Si l’aspect implique déjà un témoin, l’ensemble de signes, qui ne vaut qu’en tant qu’il fait sens pour quelqu’un, le rend particulièrement actif. Non seulement l’actant 2 perçoit, mais il interprète les données physiques, le visage de l’autre. Par un mouvement en quelque sorte inverse de celui de l’actant 1, il va de l’extérieur vers l’intérieur, établissant une relation entre ce qu’il voit et tel ou tel élément de la vie psychique. La complémentarité des deux actants que nous avions posée au départ se trouve confirmée ici, où l’actant 1 est l’objet vu, tandis que l’actant 2 est le véritable acteur.

En fin de compte, cette signification du mot air peut donner lieu à la paraphrase suivante :

‘« aspect du visage d’une personne en tant qu’il est perçu et interprété par un témoin comme faisant paraître de manière plus ou moins durable l’état, l’être intérieur de cette personne ».’

Les deux dictionnaires (PR et GR) qui reconnaissent cette signification le font, on l’a vu, à travers une définition qui vient en second dans la structuration de l’article. Pourtant l’abondance du corpus qui l’illustre tend à lui donner la première place.

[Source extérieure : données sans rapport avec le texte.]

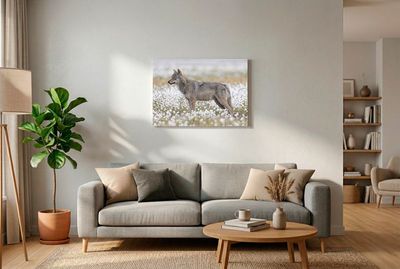 Wolf - The Elegance of the Wilderness Ein grauer Wolf steht im Profil in einem Feld voller weißer Wollgrasblüten und blickt aufmerksam nach links.
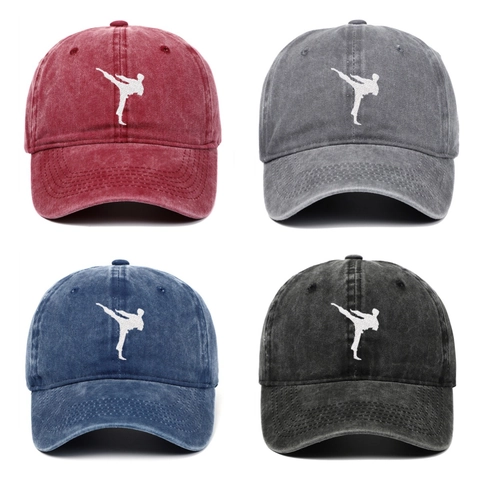 Washed Cotton Baseball Cap Kung Fu Kampfsport Stickerei Distressed Verstellbare Dad Hat Für Herren Damen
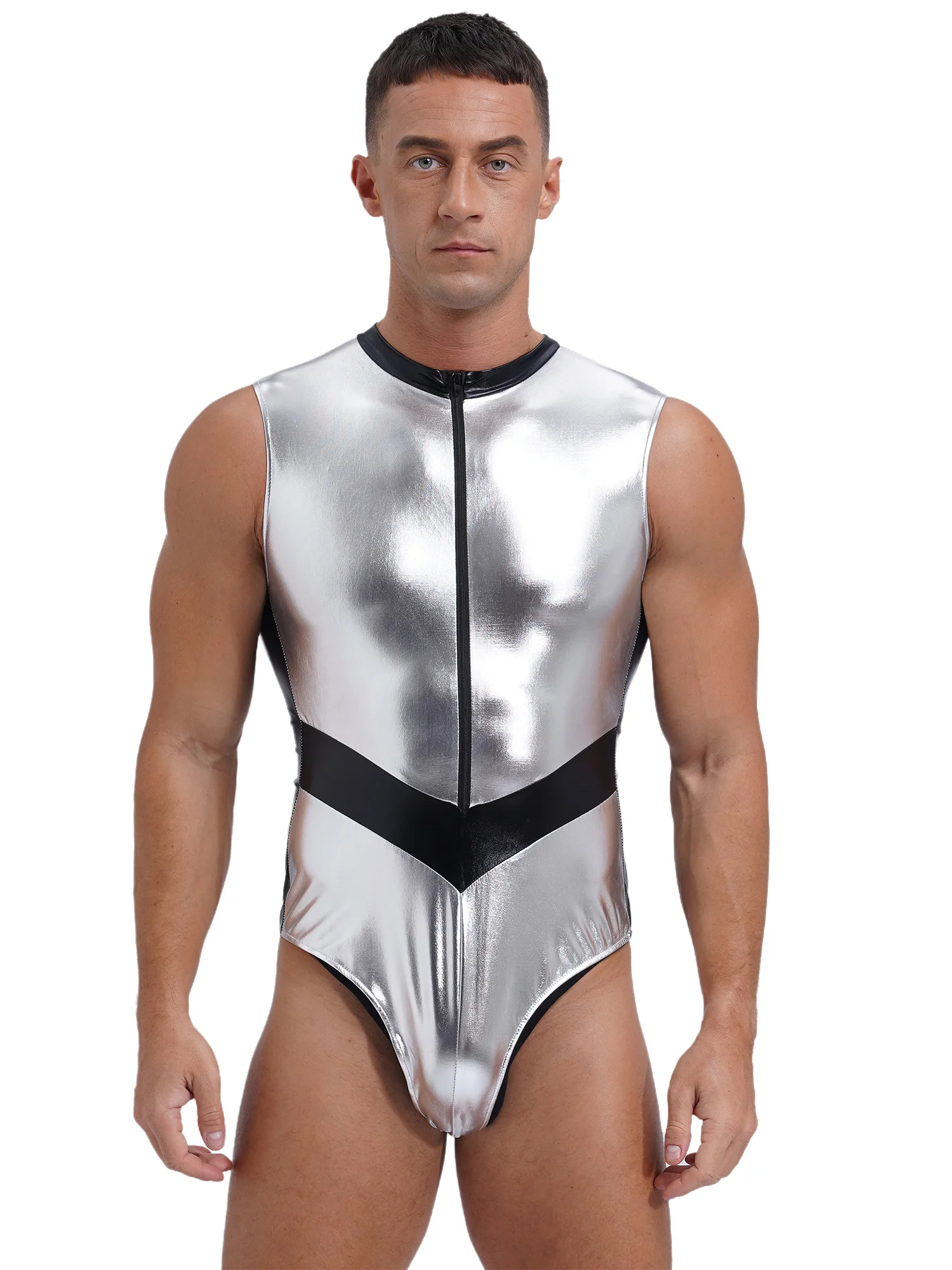 Mens Galaxy Astronaut Cosplay Costumes Metallic Shiny Spaceman Bodysuit Front Zipper Leotard Sleeveless Catsuit for Halloween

Je proposerai un classement d’ensemble de ces nombreux exemples qui s’appuie sur le trait temporel. Ce trait est évidemment en relation d’implication avec la nature de la réalité psychique que traduit l’air d’une personne. S’il s’agit du caractère, l’expression est durable ; si l’on est en présence d’un affect, l’expression sera plus ou moins limitée dans le temps. C’est le second cas qui est le plus représenté.

Notes
254.

. Pour éviter toute confusion, je mets entre guillemets mes propres définitions.

255.

. On pourrait parler de « lieu psychologique » (experiencer en anglais).